KUWAIT CITY, May 21: Ministry of Electricity and Water Undersecretary Muhammad Bo Shehri explained the new water and electricity charges for commercial and investment sectors which take effect Monday are aimed at rationalizing consumption of water and electricity, not to collect more money.
Bo Shehri assured the price hike does not match the actual cost of producing electricity and water. He affirmed that rationalization is better for the ministry than any price increase.
He explained a trader who used to pay KD 1,500 will pay KD 2,500 so he will be forced to reduce consumption, confirming this will be in his favor and the State as well. He expects that consumption will not decline on the first day of implementing the new charges as it will take about three or four months for consumers to realize the difference – once the bills reflecting the new charges are issued.

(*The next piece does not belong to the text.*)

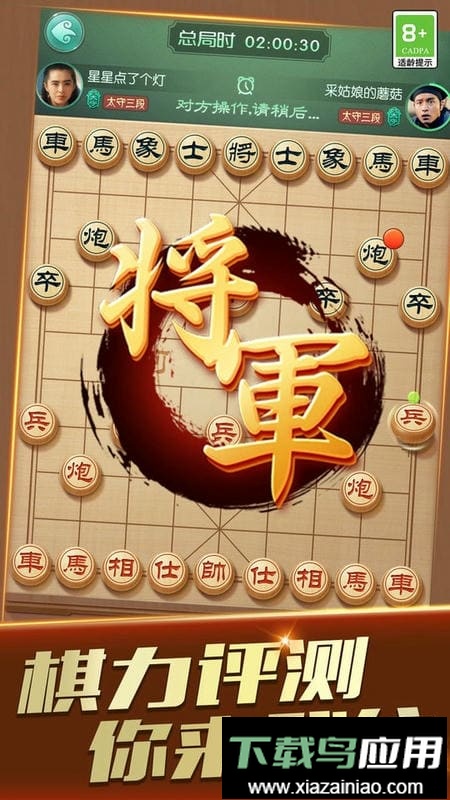 巅峰象棋官方版最新版截图2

He clarified private houses are excluded from the new charges according to the law issued in 2016. He pointed out the ministry is studying some actions including the awareness campaigns to encourage those residing in private houses to follow the rationalization policies.
Meanwhile, sources from the ministry affirmed that it has found a solution to the problem of not putting water and electricity meters to zero level prior to implementation of the new charges.
Sources explained the consumption recorded before Monday will be calculated based on old charges, while the consumption recorded from Monday onwards will be calculated based on the new charges. Sources said this will prevent errors in charging consumers.
While confirming the continuation of procedures to separate meters in investment and commercial sectors, sources said the charge per kilowatt for these sectors will be five fils and the relevant survey has yet to be completed. Sources added the ministry is ready to implement the new charges in the two sectors, affirming it inspected the new automated system a couple of weeks ago.
Meanwhile, eight non-specialized local companies secured contracts as agents of foreign companies in oil industry projects worth KD 827.1 million after obtaining approval from relevant authorities such as the Central Tenders Committee (CTC), reports Al-Shahed daily.